29.4.14

O ônibus

O ônibus está associado a algumas mazelas da cidade: o caos no trânsito, em parte por conta da indisciplina de motoristas, que têm de cumprir metas estabelecidas por seus patrões; o desconforto, evidente quando se sabe que a frota é quase toda sem ar-condicionado, numa cidade-inferno como a que vivemos; a suposta relação escusa entre os empresários que desfrutam da concessão de um serviço público e as autoridades. Apesar dos pesares, nem tudo é contratempo na vida dos que fazem uso das não sei quantas linhas que servem ao Rio e às cidades adjacentes.
Alterada a partir de foto do "Gatas do lotação"

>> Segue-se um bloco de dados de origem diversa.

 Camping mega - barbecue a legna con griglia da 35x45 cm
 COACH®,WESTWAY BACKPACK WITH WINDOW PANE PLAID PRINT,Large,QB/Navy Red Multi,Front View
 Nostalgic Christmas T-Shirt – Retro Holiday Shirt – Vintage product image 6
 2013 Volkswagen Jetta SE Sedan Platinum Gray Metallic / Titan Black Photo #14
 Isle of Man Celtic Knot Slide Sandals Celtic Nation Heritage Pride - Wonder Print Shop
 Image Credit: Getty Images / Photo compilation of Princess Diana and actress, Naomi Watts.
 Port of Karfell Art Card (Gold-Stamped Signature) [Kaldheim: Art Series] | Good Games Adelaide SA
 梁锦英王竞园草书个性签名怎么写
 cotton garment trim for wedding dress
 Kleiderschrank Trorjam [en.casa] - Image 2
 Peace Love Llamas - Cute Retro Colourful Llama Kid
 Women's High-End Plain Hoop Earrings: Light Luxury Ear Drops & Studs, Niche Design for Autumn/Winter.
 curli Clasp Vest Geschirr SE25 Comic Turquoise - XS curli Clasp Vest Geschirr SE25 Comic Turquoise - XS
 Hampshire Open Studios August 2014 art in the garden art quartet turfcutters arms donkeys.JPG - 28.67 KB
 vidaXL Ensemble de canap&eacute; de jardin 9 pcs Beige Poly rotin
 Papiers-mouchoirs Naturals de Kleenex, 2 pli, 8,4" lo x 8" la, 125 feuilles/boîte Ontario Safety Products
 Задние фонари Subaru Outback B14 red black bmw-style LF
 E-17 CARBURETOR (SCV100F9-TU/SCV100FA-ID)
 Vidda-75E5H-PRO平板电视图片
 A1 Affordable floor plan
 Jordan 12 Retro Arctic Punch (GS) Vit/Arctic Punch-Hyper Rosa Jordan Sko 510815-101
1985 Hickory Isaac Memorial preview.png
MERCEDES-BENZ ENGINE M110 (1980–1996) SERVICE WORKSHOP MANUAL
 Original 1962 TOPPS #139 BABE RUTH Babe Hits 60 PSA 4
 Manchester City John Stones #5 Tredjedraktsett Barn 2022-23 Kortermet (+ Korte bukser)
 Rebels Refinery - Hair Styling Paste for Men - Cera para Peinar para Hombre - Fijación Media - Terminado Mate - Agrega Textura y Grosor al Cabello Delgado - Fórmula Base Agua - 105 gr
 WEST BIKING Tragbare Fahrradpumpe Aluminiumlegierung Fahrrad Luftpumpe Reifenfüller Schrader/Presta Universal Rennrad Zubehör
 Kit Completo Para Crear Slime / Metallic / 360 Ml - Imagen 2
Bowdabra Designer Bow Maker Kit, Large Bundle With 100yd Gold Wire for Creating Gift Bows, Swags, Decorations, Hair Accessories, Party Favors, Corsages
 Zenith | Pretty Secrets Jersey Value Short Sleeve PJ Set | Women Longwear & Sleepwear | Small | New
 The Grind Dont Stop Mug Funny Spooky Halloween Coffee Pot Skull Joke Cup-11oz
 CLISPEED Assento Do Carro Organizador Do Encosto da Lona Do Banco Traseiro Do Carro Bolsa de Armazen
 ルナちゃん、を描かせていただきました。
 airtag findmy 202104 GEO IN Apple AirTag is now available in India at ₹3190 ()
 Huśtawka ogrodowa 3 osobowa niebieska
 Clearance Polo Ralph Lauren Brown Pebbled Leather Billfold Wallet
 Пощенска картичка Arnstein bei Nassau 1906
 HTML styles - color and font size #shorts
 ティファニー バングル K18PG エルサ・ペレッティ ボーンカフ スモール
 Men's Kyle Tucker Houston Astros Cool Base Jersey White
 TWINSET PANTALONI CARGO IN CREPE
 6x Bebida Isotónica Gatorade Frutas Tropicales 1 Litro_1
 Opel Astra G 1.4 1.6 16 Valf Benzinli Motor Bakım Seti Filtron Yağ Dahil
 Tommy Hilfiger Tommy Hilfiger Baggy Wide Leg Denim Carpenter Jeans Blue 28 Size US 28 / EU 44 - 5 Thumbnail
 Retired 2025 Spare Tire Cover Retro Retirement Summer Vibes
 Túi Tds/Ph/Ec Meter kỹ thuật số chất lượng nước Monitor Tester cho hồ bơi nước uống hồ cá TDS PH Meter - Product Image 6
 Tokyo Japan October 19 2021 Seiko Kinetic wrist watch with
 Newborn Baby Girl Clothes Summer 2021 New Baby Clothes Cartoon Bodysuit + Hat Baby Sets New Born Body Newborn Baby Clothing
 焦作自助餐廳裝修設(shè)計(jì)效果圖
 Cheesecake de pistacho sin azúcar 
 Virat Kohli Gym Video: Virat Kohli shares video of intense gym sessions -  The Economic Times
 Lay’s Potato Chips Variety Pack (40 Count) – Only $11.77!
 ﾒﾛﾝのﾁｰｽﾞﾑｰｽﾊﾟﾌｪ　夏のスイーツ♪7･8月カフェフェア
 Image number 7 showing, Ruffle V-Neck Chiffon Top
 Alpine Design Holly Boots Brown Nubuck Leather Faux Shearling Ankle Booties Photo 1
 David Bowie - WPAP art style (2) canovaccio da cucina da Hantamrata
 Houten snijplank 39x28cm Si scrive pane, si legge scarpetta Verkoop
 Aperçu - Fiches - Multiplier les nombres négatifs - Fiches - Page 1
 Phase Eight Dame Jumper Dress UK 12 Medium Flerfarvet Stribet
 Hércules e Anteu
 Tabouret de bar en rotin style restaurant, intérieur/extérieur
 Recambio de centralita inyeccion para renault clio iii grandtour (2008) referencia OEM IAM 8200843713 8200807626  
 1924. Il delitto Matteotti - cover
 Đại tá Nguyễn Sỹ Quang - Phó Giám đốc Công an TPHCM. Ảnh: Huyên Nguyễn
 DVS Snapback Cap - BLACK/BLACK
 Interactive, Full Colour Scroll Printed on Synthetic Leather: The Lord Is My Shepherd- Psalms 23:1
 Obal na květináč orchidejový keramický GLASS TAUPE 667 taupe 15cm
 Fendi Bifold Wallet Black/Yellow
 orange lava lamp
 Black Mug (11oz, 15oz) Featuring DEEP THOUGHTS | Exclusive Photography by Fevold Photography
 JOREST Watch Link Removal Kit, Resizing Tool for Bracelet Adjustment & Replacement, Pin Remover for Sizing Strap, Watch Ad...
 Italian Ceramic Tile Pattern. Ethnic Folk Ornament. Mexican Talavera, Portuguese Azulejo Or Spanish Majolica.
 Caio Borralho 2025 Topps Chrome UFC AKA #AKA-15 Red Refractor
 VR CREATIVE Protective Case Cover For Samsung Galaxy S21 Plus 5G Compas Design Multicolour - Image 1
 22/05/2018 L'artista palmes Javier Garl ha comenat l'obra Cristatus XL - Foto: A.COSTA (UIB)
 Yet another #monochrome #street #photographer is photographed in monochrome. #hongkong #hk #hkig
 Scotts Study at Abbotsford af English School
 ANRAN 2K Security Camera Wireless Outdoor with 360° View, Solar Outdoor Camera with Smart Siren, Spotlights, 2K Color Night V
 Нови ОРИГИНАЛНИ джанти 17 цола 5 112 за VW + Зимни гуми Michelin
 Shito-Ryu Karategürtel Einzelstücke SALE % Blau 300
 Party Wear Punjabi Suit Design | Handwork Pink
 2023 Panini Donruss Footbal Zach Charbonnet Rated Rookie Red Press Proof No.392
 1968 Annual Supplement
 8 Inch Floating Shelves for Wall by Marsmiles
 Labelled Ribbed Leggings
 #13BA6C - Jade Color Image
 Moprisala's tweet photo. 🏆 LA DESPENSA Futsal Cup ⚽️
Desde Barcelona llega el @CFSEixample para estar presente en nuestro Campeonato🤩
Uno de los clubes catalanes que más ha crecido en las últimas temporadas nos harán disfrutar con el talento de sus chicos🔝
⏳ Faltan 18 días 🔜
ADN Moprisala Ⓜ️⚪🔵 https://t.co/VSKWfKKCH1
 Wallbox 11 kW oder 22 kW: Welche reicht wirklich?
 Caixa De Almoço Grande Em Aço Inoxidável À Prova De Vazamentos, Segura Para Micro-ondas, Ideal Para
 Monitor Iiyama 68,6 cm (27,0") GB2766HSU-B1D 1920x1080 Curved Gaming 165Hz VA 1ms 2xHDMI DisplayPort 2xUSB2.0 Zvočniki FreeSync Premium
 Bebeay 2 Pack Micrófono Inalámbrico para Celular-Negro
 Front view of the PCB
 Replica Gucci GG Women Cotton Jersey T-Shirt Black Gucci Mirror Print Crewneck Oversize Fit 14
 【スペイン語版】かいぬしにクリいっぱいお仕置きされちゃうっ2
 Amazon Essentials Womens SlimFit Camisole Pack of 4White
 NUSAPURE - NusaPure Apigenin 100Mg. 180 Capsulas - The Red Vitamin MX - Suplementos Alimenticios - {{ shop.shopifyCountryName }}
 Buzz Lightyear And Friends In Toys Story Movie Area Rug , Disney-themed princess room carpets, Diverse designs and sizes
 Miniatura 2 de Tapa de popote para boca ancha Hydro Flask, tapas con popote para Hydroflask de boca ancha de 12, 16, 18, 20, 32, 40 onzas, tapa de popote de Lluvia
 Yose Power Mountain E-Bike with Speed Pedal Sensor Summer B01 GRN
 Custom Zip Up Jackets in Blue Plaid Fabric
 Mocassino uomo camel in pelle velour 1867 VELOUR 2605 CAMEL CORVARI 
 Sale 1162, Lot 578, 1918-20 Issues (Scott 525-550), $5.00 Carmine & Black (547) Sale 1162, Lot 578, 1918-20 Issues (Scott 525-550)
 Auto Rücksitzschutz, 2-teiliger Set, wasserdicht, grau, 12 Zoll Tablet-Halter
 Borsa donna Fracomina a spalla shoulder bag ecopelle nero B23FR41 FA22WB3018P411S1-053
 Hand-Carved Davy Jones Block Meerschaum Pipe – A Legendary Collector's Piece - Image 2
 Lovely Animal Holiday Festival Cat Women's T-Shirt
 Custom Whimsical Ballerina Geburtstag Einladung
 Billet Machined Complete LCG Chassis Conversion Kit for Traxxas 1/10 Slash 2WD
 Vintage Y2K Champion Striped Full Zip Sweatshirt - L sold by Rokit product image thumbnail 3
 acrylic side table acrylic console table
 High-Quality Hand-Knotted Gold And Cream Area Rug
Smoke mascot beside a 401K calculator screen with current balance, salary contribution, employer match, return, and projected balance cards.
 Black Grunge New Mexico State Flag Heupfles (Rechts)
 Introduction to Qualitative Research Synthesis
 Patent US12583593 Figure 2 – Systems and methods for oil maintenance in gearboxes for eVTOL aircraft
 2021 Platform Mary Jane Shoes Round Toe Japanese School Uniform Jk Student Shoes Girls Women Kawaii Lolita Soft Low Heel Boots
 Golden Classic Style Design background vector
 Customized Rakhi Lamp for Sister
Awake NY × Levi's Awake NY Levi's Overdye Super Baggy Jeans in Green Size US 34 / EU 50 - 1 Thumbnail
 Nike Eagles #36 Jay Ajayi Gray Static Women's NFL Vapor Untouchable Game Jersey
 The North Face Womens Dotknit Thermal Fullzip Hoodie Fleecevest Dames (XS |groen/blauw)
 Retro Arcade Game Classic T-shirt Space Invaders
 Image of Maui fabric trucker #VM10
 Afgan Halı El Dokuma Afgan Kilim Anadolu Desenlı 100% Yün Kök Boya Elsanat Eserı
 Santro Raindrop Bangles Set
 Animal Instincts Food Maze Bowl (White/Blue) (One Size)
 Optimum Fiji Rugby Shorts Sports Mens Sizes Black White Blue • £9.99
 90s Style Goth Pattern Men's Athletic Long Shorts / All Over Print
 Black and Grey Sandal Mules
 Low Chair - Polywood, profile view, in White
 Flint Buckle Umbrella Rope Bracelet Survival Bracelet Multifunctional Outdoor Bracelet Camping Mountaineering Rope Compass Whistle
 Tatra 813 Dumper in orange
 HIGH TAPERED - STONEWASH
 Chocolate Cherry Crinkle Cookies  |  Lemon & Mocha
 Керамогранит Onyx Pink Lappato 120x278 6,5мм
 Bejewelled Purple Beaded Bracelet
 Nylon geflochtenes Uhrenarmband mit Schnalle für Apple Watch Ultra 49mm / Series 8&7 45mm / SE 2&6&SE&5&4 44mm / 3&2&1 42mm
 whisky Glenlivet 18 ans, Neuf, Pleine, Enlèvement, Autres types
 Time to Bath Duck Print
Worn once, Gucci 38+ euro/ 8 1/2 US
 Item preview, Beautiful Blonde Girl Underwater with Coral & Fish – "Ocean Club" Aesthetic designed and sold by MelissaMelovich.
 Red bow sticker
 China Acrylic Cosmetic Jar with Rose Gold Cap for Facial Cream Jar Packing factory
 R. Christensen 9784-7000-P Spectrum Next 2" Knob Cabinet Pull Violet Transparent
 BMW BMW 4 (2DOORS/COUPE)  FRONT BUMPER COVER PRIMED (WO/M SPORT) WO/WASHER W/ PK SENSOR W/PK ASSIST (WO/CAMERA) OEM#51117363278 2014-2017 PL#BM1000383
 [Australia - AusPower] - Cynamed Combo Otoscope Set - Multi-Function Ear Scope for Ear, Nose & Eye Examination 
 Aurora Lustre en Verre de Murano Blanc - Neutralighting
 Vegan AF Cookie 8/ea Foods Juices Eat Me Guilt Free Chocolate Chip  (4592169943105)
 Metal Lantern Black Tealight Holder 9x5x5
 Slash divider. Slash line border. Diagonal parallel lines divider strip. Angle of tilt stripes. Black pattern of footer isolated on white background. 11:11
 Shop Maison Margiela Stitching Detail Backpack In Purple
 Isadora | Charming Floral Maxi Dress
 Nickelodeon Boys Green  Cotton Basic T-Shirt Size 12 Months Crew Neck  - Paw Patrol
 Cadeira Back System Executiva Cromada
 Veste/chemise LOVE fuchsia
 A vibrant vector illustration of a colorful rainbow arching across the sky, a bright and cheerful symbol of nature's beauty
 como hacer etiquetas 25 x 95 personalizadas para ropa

Logo de manhã, com o ônibus em movimento, algumas moças tiram da bolsa o batom, o lápis e o espelhinho e, com eles, terminam de se arrumar. Acordaram tarde, ou perderam tempo com o jornal ou com o filho ou com as orientações passadas à diarista, à babá, quem sabe à pessoa com quem dividem a vida e que pode dormir até mais tarde. Seja por que motivo for, fazem do banco duro do ônibus uma extensão da própria casa e expõem, leves e soltas, um dedo de sua intimidade. Não é só a habilidade de passarem, enquanto o ônibus avança, nem sempre vagarosamente, o lápis no contorno dos olhos que chama a atenção, mas também o fato de adivinharem os solavancos — a freada brusca, a mudança repentina de faixa, qualquer outro — e, de, com isso, manterem longe dos olhos o lápis cuja ponta pode até cegar.
No trajeto de ida e volta entre a Baixada e Botafogo, há pelo menos vinte e cinco anos, e sempre de ônibus, Solange gasta, no barato, um quarto do seu dia — isso apesar do mais ou menos recente bilhete único, um avanço para o passageiro ao reduzir o custo e, em menor grau, o tempo de viagem. Quando há algum acidente, uma chuva daquelas, uma batida policial nas favelas (sempre nas favelas) que estão no caminho — e são muitas —, as três horas para chegar a Botafogo e as outras três para voltar à Baixada podem se transformar em quatro, em cinco, em horas sem fim. Tudo isso, vale registrar, num ônibus sem ar-condicionado e, na maioria das vezes, cheio ou mesmo lotado. Mesmo ultrajada, a turma que viaja rotineiramente no mesmo horário (madrugada ainda quando saem da Baixada) promove festas dentro do ônibus: o amigo oculto no Natal, um bolo no dia do amigo, salgadinhos nos aniversários.
Nos últimos anos, houve uma pequena renovação na frota do Rio de Janeiro. Os mais novos – minoritários — são rebaixados, ou seja, é mais fácil entrar neles, um alívio principalmente para os mais velhos. Mas, sabemos todos, a cidade responde sempre do mesmo jeito a qualquer chuvisco mais encorpado: as ruas ficam repletas de poças d’água, quando não inundadas. E o que acontece com os novos ônibus? Seus corredores, tomados pela água que adentra pela porta, viram uma piscina indesejada. Certa vez, não sei o que havia de (mais) errado naquele ônibus específico em que eu andava, a água da chuva esguichou nos passageiros próximos ao trocador. Muitos saímos molhados dos pés à cabeça.
Tanto em trajetos pequenos (toleráveis) quanto em grandes (insuportáveis), os ônibus desrespeitam seus usuários. Se o prefeito, corretamente, quer que as pessoas deixem seus carros em casa e se movimentem pela cidade de ônibus (falar em metrô é brincadeira, dado o alcance limitado das linhas cariocas; e falar de trem é pisar em ovos mais frágeis ainda), ele que trate de promover mudanças rápidas, caso contrário, vai ficar querendo, e o trânsito no Rio se tornará cada dia mais um caos. Um caos violento.
Pensei que a luta pelo não aumento de vinte centavos fosse o início das transformações necessárias e urgentes nas condições da frota e, em consequência, no trânsito do Rio e em seu entorno. Qual nada. Mudanças na estrutura viária da cidade têm causado um transtorno terrível — que, se espera, não se prolongará por muito tempo. Os ônibus não mudaram nada, nadinha. E as passagens subiram vinte e cinco centavos.